---------- DATA SUPPLIED

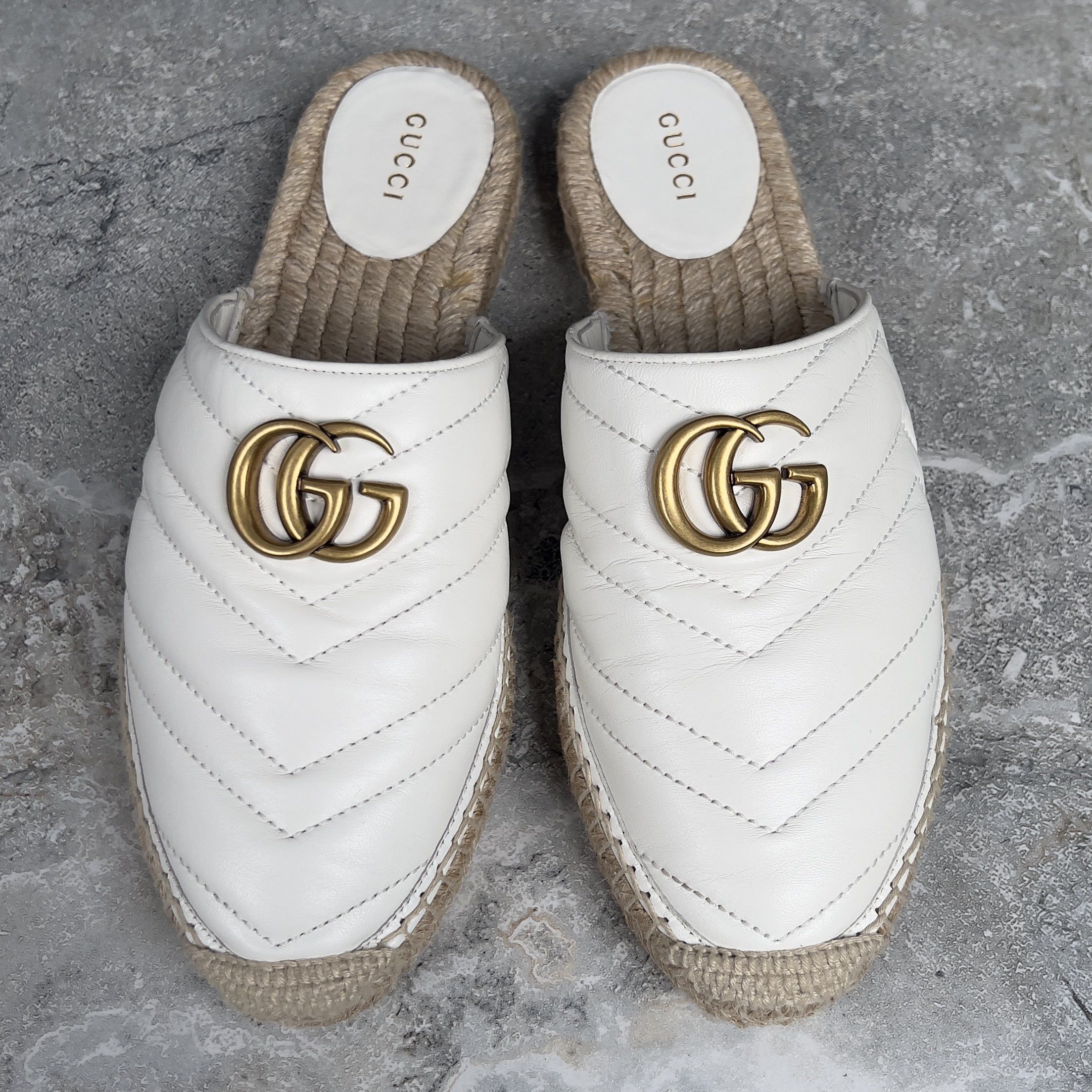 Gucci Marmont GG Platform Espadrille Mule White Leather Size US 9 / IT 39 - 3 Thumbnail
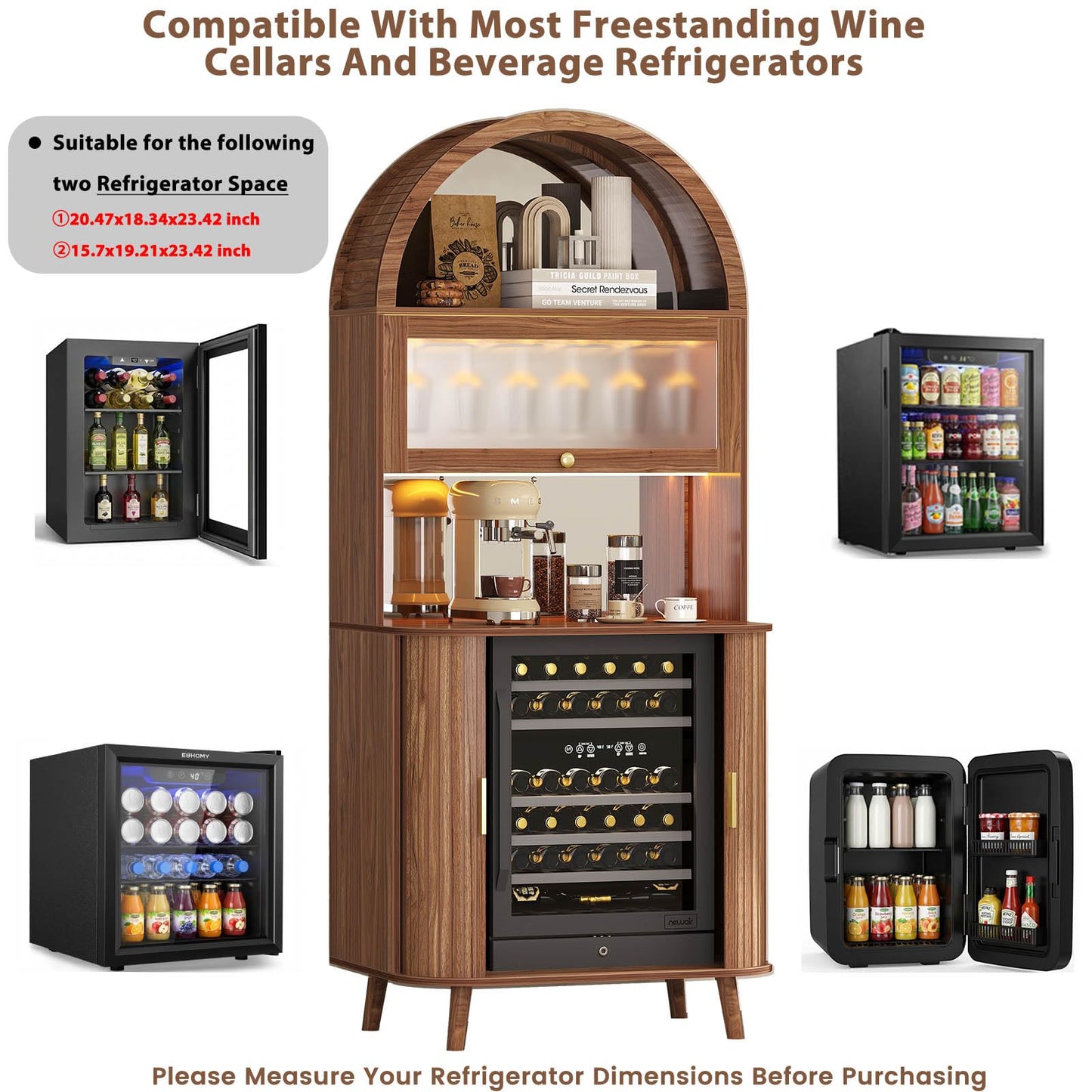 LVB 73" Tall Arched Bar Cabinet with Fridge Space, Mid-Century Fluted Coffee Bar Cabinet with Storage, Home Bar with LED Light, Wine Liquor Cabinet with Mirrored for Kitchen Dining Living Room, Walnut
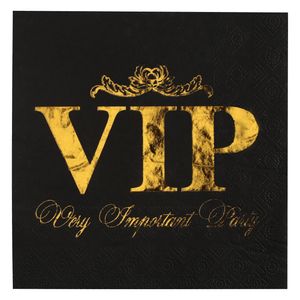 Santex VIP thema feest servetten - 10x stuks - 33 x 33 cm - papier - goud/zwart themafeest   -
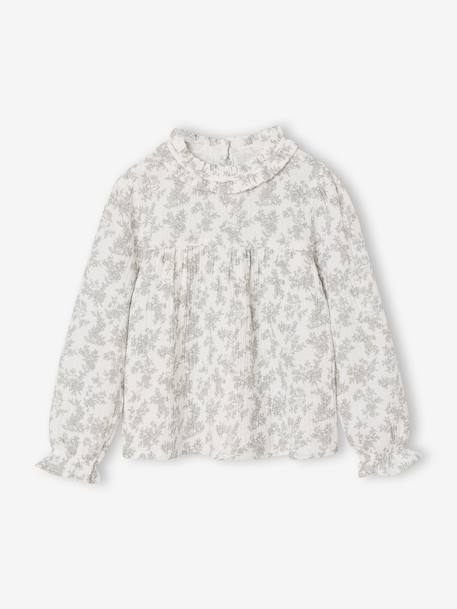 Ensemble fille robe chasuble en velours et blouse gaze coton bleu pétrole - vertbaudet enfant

--------------------
---------- DATA SUPPLIED

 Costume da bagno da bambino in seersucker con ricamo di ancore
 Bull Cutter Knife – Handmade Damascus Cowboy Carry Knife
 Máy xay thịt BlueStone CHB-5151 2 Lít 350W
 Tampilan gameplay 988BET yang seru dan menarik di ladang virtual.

--------------------
---------- DATA SUPPLIED

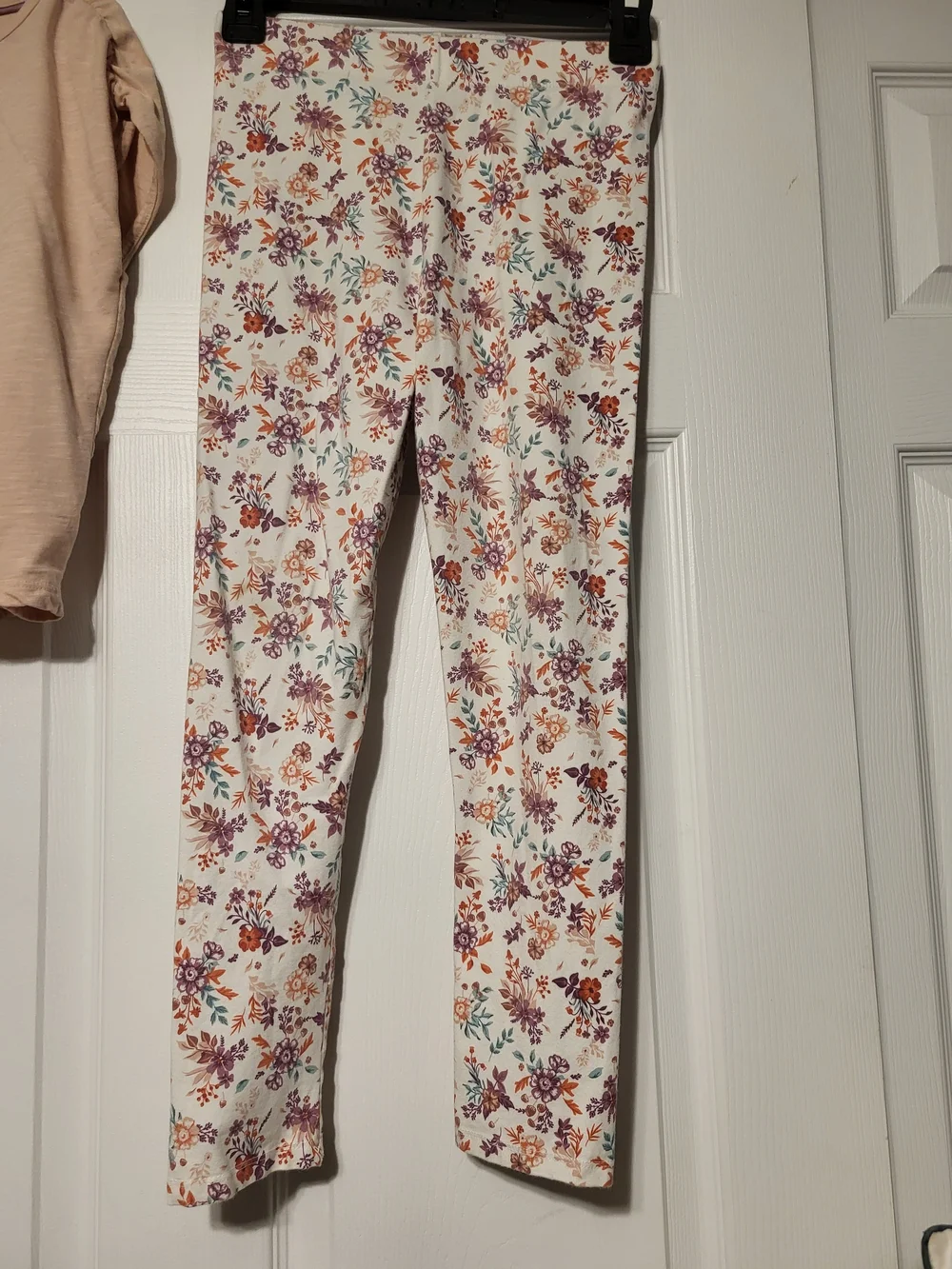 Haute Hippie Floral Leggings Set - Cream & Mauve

--------------------

• WHAT THE TASK REQUIRES:
Print exactly the lines above that run from the one with "Gucci Marmont GG" to the one with "Ensemble fille robe", both included. No pictures.

• EXPECTED OUTPUT:
 Gucci Marmont GG Platform Espadrille Mule White Leather Size US 9 / IT 39 - 3 Thumbnail
 LVB 73" Tall Arched Bar Cabinet with Fridge Space, Mid-Century Fluted Coffee Bar Cabinet with Storage, Home Bar with LED Light, Wine Liquor Cabinet with Mirrored for Kitchen Dining Living Room, Walnut
 Santex VIP thema feest servetten - 10x stuks - 33 x 33 cm - papier - goud/zwart themafeest   -
 Ensemble fille robe chasuble en velours et blouse gaze coton bleu pétrole - vertbaudet enfant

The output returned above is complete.